▸ Work request
Everything from the line with "Hotel Rural Costa" down to the line with "Camiseta 4F M291 Niño Azul" below must be printed exactly, those two lines included. Exclude pictures.

▸ Data shown

****************

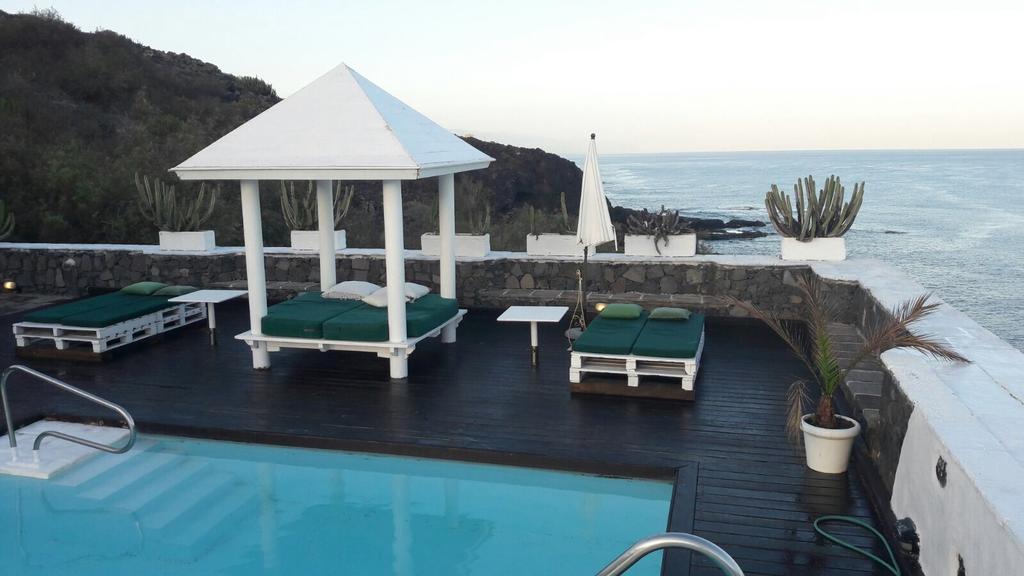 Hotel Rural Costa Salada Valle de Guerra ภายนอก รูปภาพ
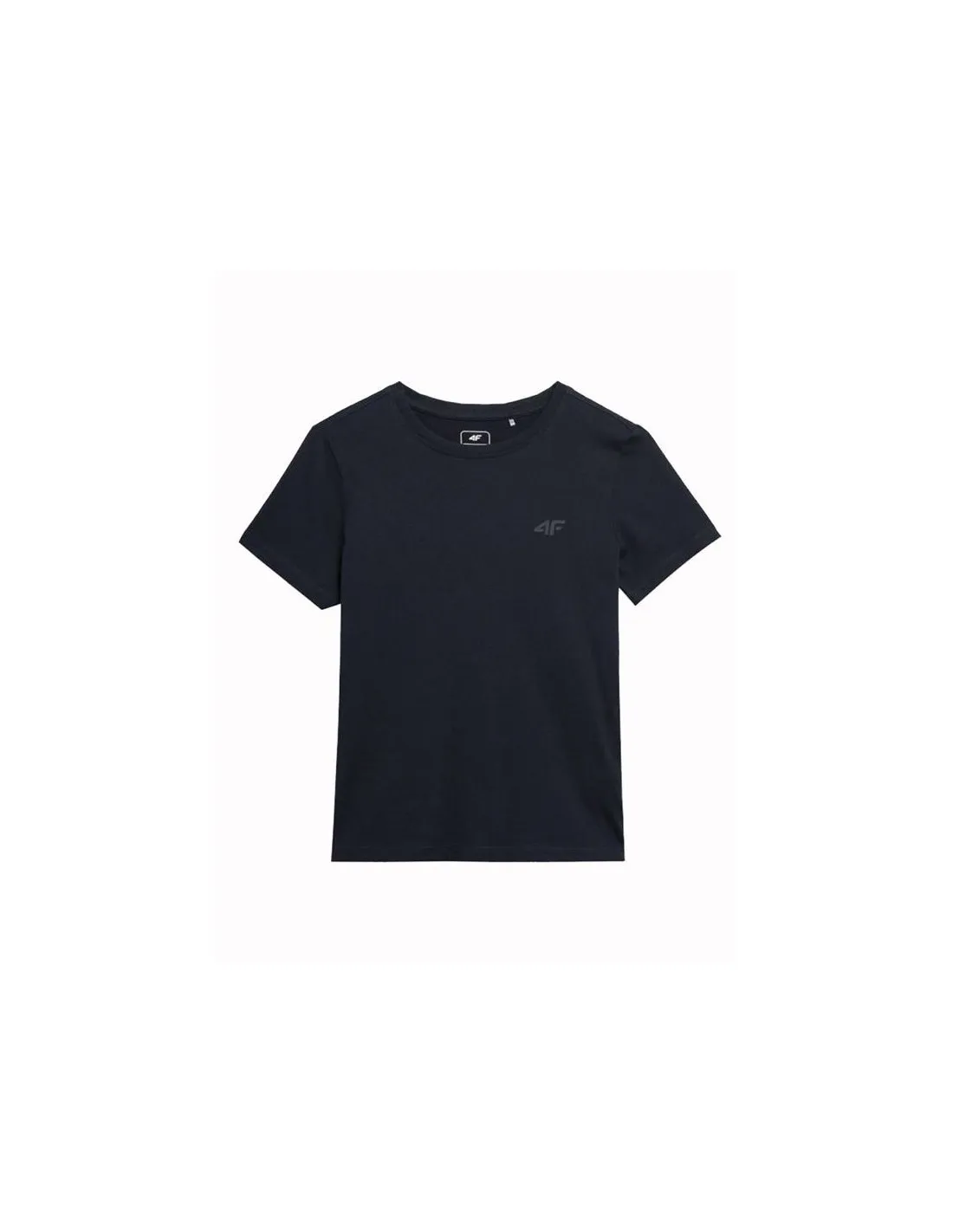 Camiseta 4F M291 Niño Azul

****************

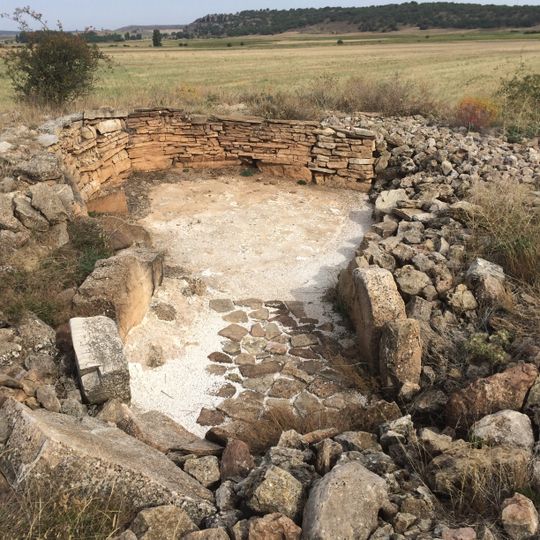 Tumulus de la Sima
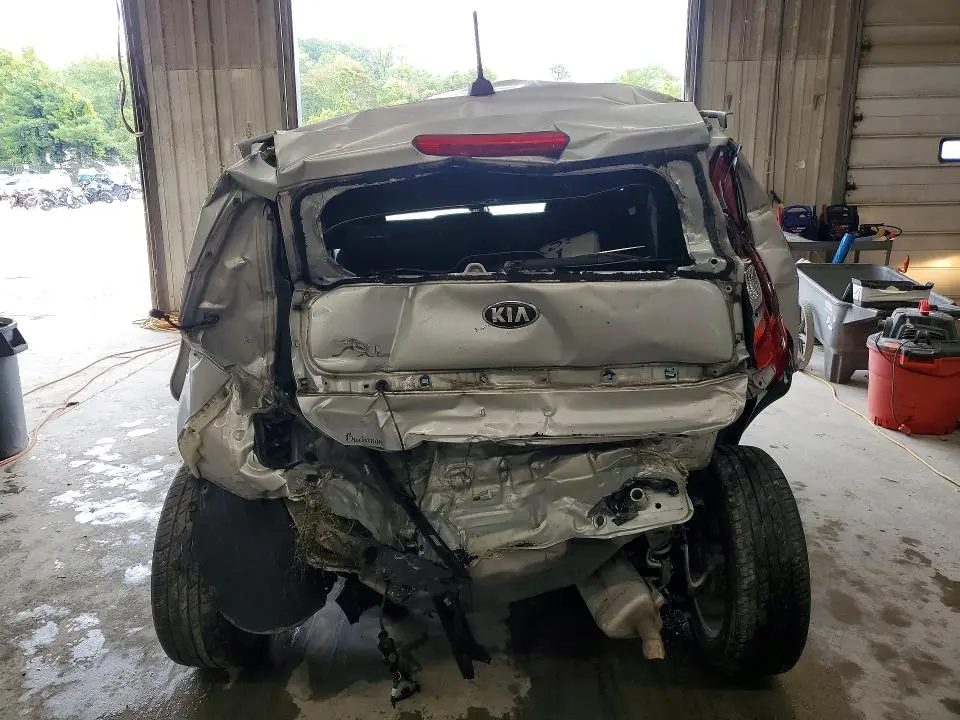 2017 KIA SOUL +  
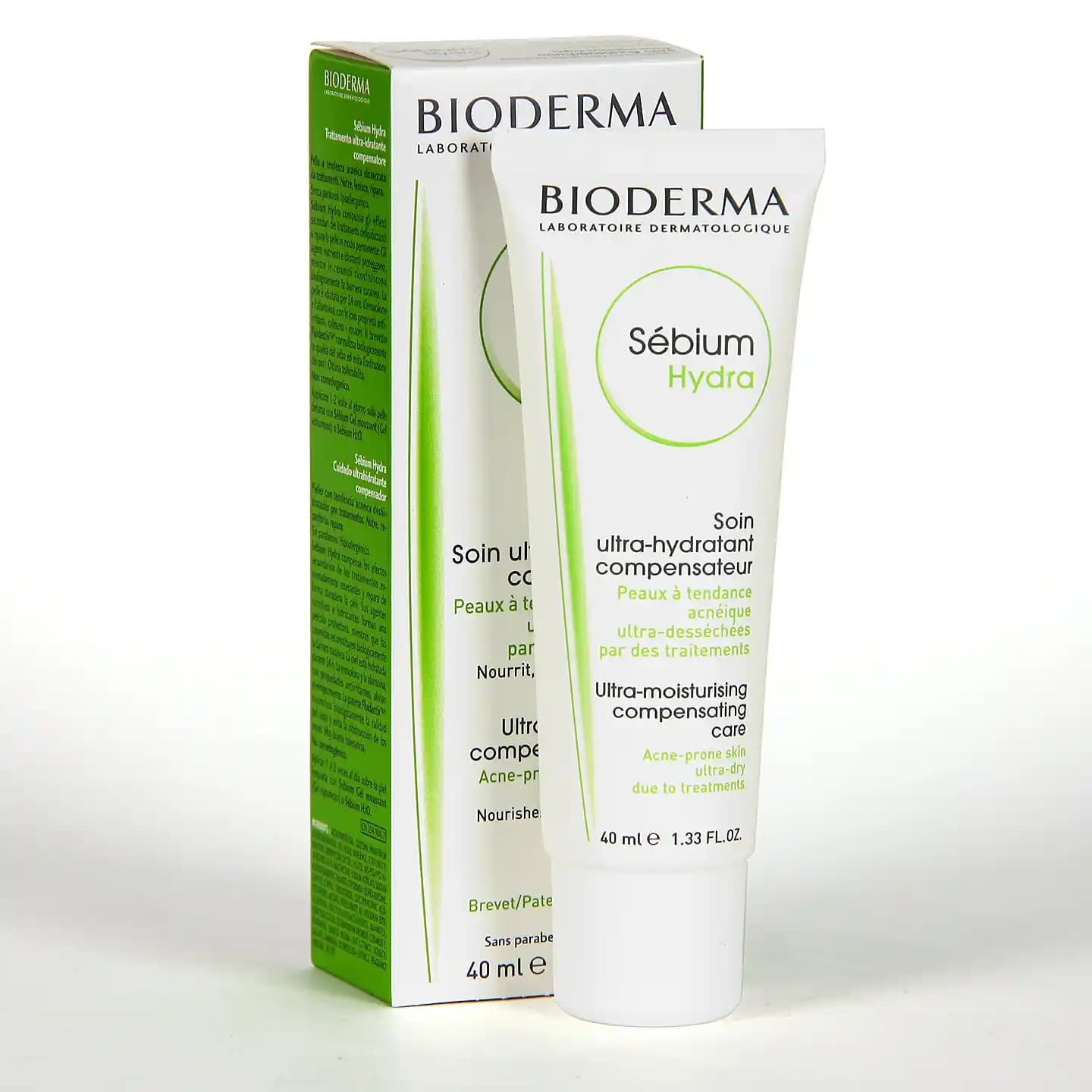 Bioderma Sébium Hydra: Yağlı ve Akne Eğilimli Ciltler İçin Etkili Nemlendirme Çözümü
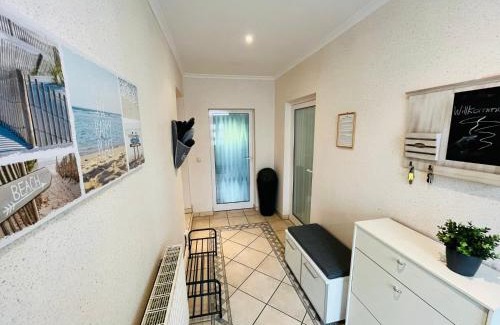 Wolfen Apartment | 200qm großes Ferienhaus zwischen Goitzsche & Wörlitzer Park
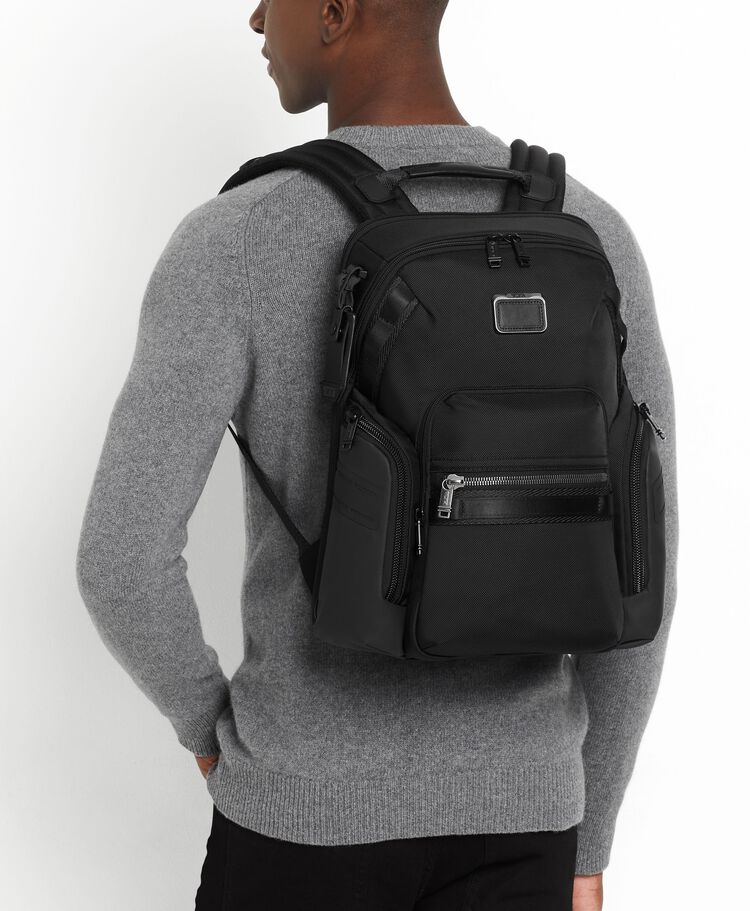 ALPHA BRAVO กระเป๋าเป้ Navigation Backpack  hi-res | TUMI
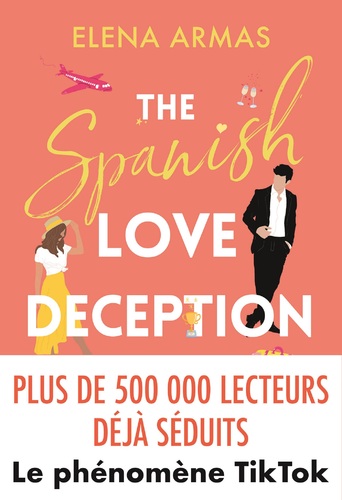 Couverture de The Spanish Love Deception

****************

▸ Your solution
 Hotel Rural Costa Salada Valle de Guerra ภายนอก รูปภาพ
 Camiseta 4F M291 Niño Azul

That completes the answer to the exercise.